I have a ridiculous PS4 setup going through an adapter/splitter, KVM, USB/audio cable extenders and additional speakers just to connect it to a VGA monitor, the speakers draw power from one of the PS4's USB controller ports.
I'd love to know what this thread is about, purely for the novelty of weird workarounds.
Is it for just charging the controller or did someone set up to power the console through a USB port instead of the standard electric outlet?
Also, I have been using my DS4 here on Steam for over 70 hours of playing Celeste in wired USB mode only having it plugged in when I play, and never specifically set it to charge and I never had an issue of the controller running out of juice, the lighting was set to dim because it is way too bright otherwise. So if that's the issue, I assume you won't have to worry, unless you have some crappy cable I guess, the one that came with the PS4 works great though.
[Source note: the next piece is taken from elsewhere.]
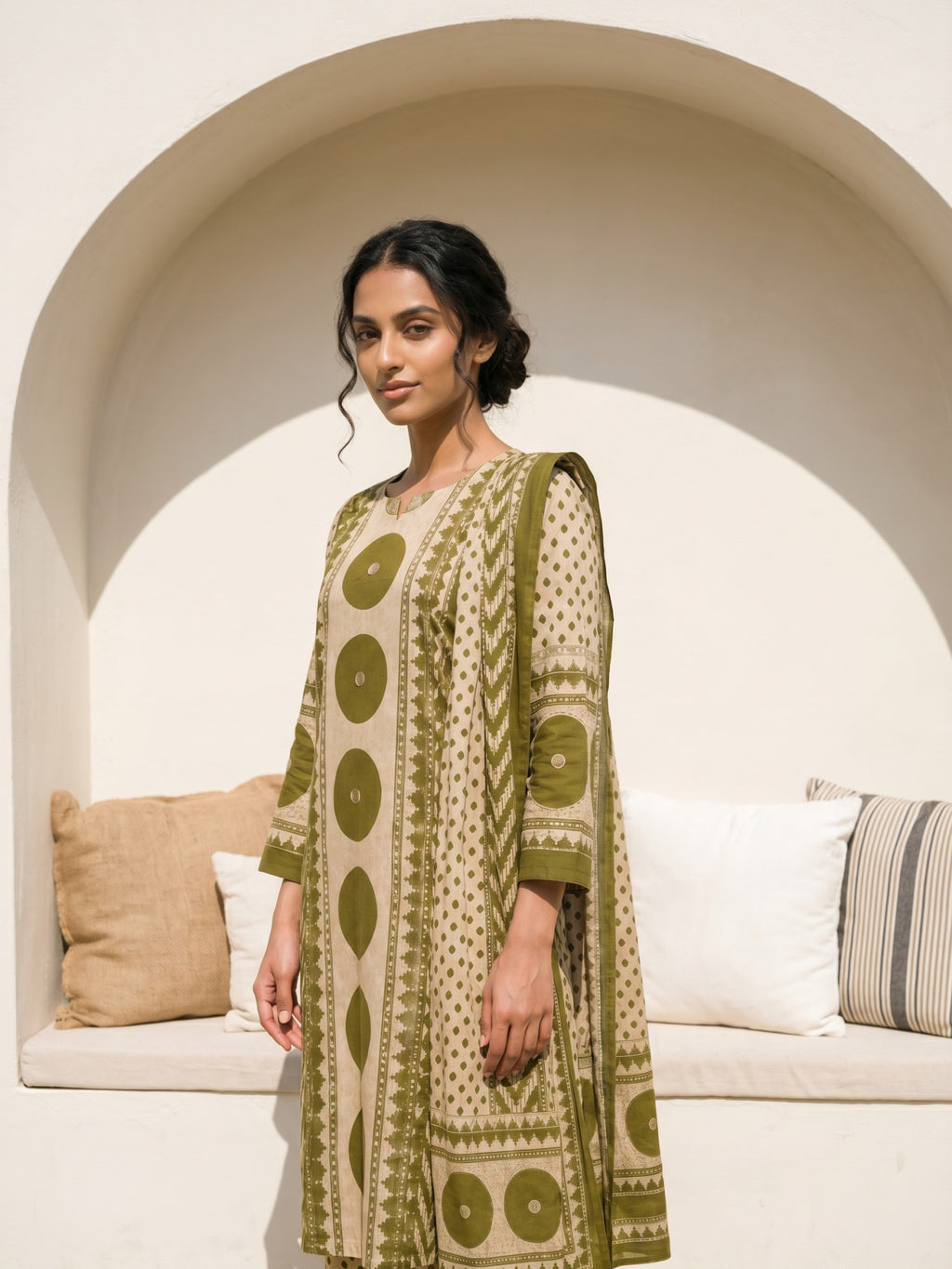 Philauri Women Printed Regular Pure Cotton Kurta with Trousers & With Dupatta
Though I would really not think of how to solve the one thing that could technically throw you out of the loop. As in, changing the PS4 settings to use the controller in USB mode only while having a charge only cable. I don't really remember if the default setting was wireless or not, but if it was technically you may have screwed yourself over if that is what happened.
The one thing I know about the charge only cables I've had so far was that all of them had "Charge Only" written on them, though I won't claim that someone might not choose to say that in hopes of passing off their product as a data cable.